DATA SHOWN -
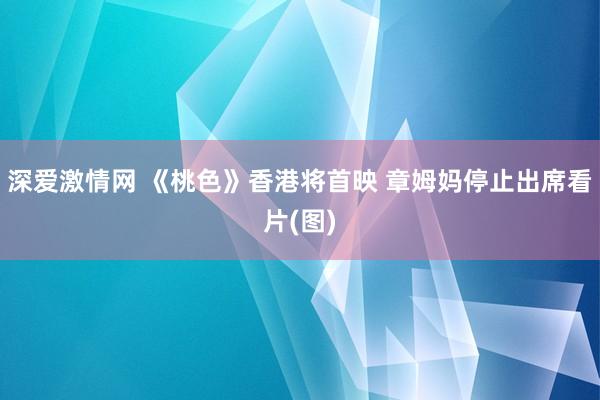 深爱激情网 《桃色》香港将首映 章姆妈停止出席看片(图)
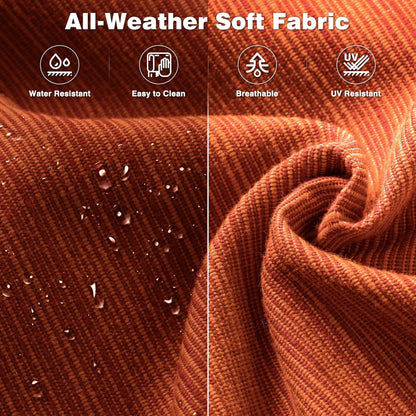 Ensemble de salon d'extérieur en osier OVIOS 5 pièces avec dossier haut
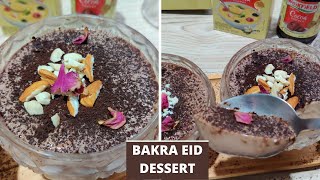 Easy 3 Ingredient DESSERTQUICK TO PREPAREEASY CHOCOLATE CUSTARD WITH CAKE shailasdastarkhwan [upl. by Liuqa]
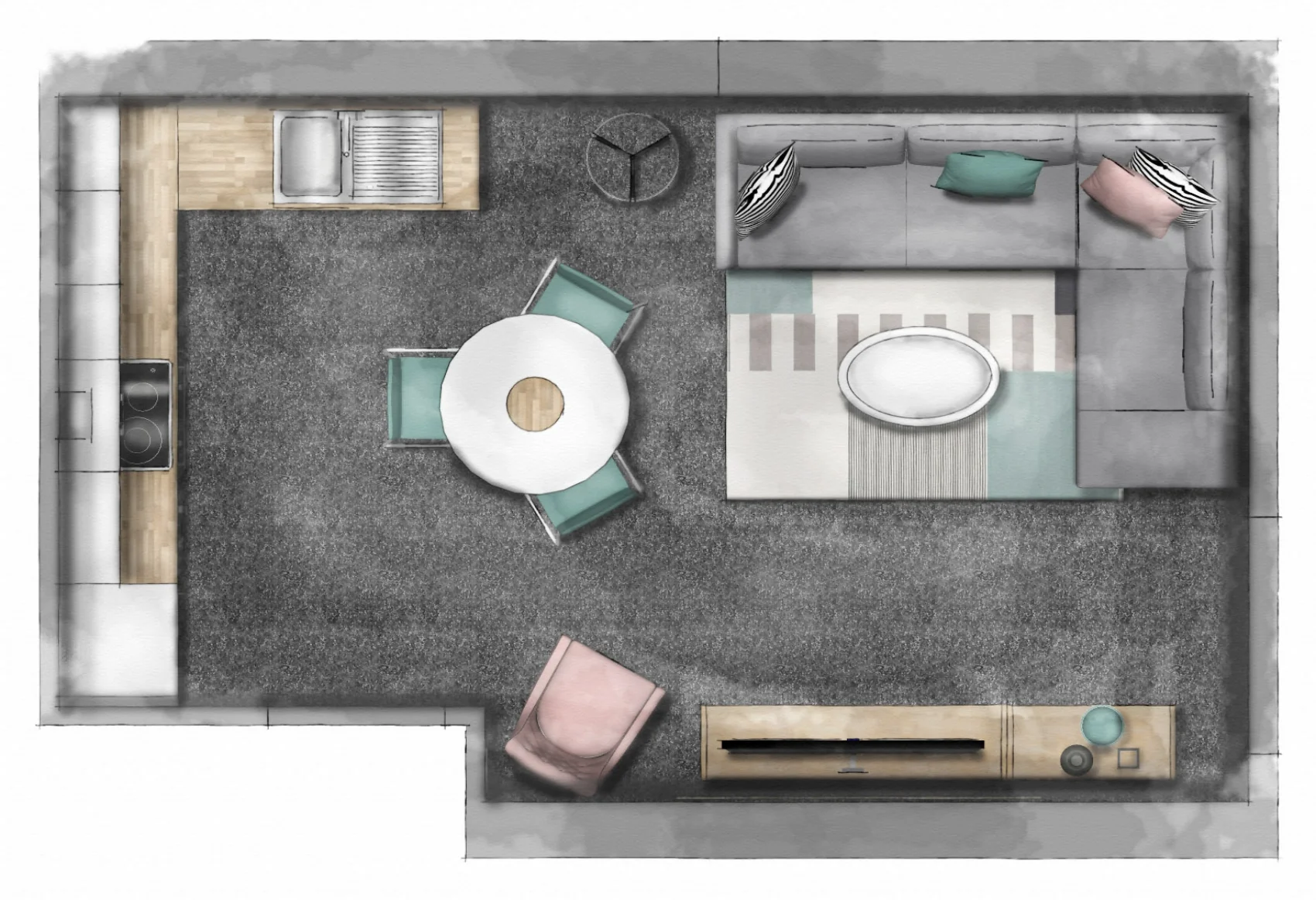 Floorplan created using Sketchup Hub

TRY IT -
Transcribe the material exactly, leaving every picture out.

OUTPUT BELOW -
 深爱激情网 《桃色》香港将首映 章姆妈停止出席看片(图)
 Ensemble de salon d'extérieur en osier OVIOS 5 pièces avec dossier haut
 Easy 3 Ingredient DESSERTQUICK TO PREPAREEASY CHOCOLATE CUSTARD WITH CAKE shailasdastarkhwan [upl. by Liuqa]
 Floorplan created using Sketchup Hub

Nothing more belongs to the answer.